I have yet to try the first three, but d. has been working fine for me so far. The perks are multiple, including the fact that all maintenance and renovation is done - and paid for - by somebody else.

So that places like this:


can be turned into something like this. Solely for your viewing pleasure:


(c) gazeta.pl


NICE! Thanks, Warsaw!

The name of this recently refurbished corner of the city is Plac Grzybowski. Surrounded by towering corporate fortresses, it's an earthy enclave, constructed out of wood, granite, trickling water, lots and lots and lots of wildflowers, and benches on rails that can be moved from one end of the square to the other. Get this: you can move furniture around as you like. What else do you need to feel more at home?

This kind of environment fosters growth of little quaint cafes, just as the forest floor fosters the springing up of mushrooms in autumn.
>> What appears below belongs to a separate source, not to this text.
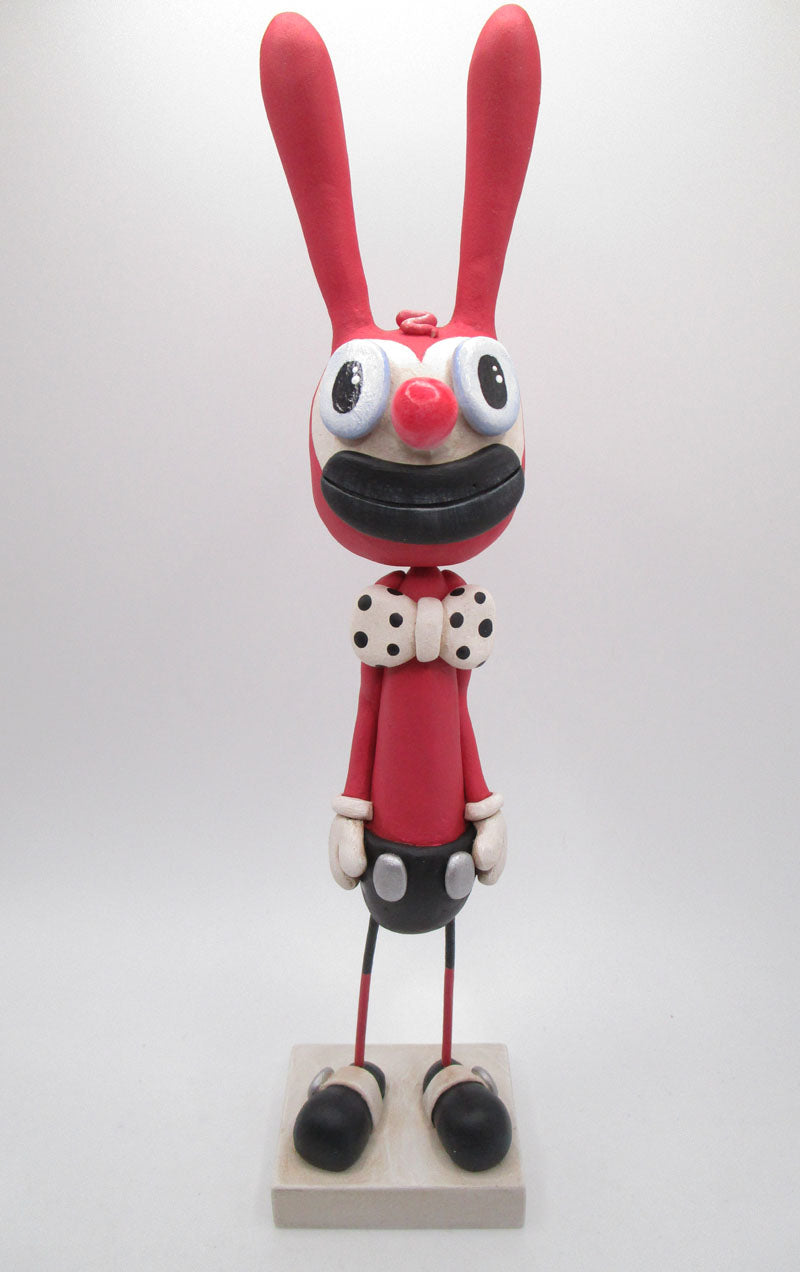 Pink rabbit cartoon style with tall ears and mickey style pants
And sure enough, as we wandered into this area for the first time in a long while, the first door we stumbled upon was this:


Two cosily worn-out armchairs and the word Cafe above them.. cue myself & my coffee-starved husband!


Cafe Na Placu is the cafe your favourite granny would open if she knew about organic foods and was worldly enough to know of exotic drinks such as cider (strange how little known cider is in a country that counts apples as its most widely grown fruit). They stock the Savanna Dry cider from South Africa that I remember from Holland, which at 15PLN per bottle is an exotic treat... but so worth it!). They also have a few local brews, and a daily selection of cakes and desserts.
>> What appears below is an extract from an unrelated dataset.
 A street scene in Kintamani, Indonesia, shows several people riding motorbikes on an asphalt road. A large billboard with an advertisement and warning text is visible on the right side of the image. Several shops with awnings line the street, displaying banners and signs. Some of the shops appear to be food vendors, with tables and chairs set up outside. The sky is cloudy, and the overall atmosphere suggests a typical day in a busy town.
Lattes (9PLN) are hearty and frothy, and espresso (8PLN, double 11PLN) is pleasant even on the demanding palate that I have married.

You can sit outside, or pick your favourite chair in the granny lounge. There's plenty of board games to choose from and stacks of magazines, too.


I was intrigued by what resembled a maturing wheel of cheese with orange peel and turned out to be Pascha, a traditional - but now sadly forgotten - Easter dessert, which, as Wikipedia puts it, combines "those foods that are fobidden during Lent". After tasting it, I can confirm that it's a proper Lent rebound, with each small triangular slice containing something around a bucket of cream and six sticks of butter. But it's better not to know it, for Pascha is a delicious treat, more delicate than any cheesecake and richer than ice-cream. No wonder that in these days of cholesterol terror, housewives have had to bump it off their Easter menu.




See you, Na Placu Cafe! I hope next time we see each other, you will have gotten yourself a nice fat cafe cat.


Na Placu Cafe
Plac Grzybowski 2, Warsaw
Ambience: 4.5/5 beans
Coffee: 4/5 beans

Thursday, April 29, 2010

Slowing Down

Slow food and fast food are a bit like fast blogging and slow blogging.

Fast bloggers narrate their life as they go, with inventions like Twitter on their side, always ready to update the world on the exact hour they brushed their teeth today. So what if nobody cares? Light-hearted like football commentators, they prattle on. Perky, untroubled fellows, they are. There is always plenty of blog-food to stuff yourself with at a fast-blogger's joint.

Slow bloggers, on the contrary, painstakingly labor over every post. They take weeks or sometimes months to produce their message to their world. Every word is like an ingredient in a dish they are cooking; it will fit, or it won't. And is it even worth it to go into the kitchen and dirty all the dishes?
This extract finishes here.